Texto 1
Texto 2
No Brasil, o anonimato é proibido em todas as formas de publicações. Está na letra da lei, no inciso IV do artigo 5º da Constituição Federal, em palavras muito claras e muito simples: “É livre a manifestação do pensamento, sendo vedado o anonimato”. Com o advento da internet, porém, o quadro deixou de ser tão claro e tão simples. Na realidade digital, a letra da lei talvez seja letra morta.

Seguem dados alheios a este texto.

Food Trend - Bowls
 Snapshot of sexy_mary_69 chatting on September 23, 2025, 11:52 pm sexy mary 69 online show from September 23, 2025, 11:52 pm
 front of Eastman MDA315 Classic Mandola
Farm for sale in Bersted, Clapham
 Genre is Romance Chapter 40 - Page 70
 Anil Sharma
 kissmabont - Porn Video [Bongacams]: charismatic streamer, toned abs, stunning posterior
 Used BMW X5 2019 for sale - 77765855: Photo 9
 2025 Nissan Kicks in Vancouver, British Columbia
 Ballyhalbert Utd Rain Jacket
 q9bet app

As tecnologias digitais abriram muitas portas para manifestações de autores que se escondem, se esquivam, escapam a qualquer forma de identificação. O navegador Google Chrome concede ao seu usuário a abertura de uma “janela anônima”. Trata-se, como se vê, de um serviço ao alcance de qualquer um do público. Isso é mau? Difícil dizer. Antes de ser uma conduta necessariamente pérfida ou dolosa, o expediente de quem oculta o próprio nome pode ser uma estratégia legítima e, às vezes, uma estratégia de sobrevivência. Na história da democracia não foram poucas as ocasiões em que a ocultação do nome do autor contribuiu para a expansão das liberdades. O filósofo inglês John Locke (1632-1704) vivia exilado na Holanda sob nome falso quando publicou anonimamente sua Carta sobre a tolerância, em 1689. Hoje sua obra é reverenciada como um alicerce da noção essencial de que a fé religiosa de cada um é assunto pessoal, privado, não podendo ser determinada pelo poder estatal. Graças ao anonimato, não nos esqueçamos. Não fosse o recurso de sonegar aos leitores seu nome verdadeiro, é possível que Locke nunca tivesse conseguido publicar sua Carta sobre a tolerância. Bem sabemos que na internet ninguém é John Locke. As formas de estelionato de opinião proliferam em variações tão criativas quanto malignas. A cada eleição, pipocam blogs e sites apócrifos dedicados exclusivamente a enxovalhar a honra alheia. Isso não quer dizer que não existam os bons anônimos. Eles existem. Usam em segredo as redes sociais para denunciar desmandos em regimes autoritários — e também em regimes ditos democráticos. Mesmo sem ser John Locke, ajudam a civilização. O que fazer? Como resolver o problema do anonimato na rede? Seria possível — e seria desejável — regulá-lo? Em tempo: será que isso é de fato um problema?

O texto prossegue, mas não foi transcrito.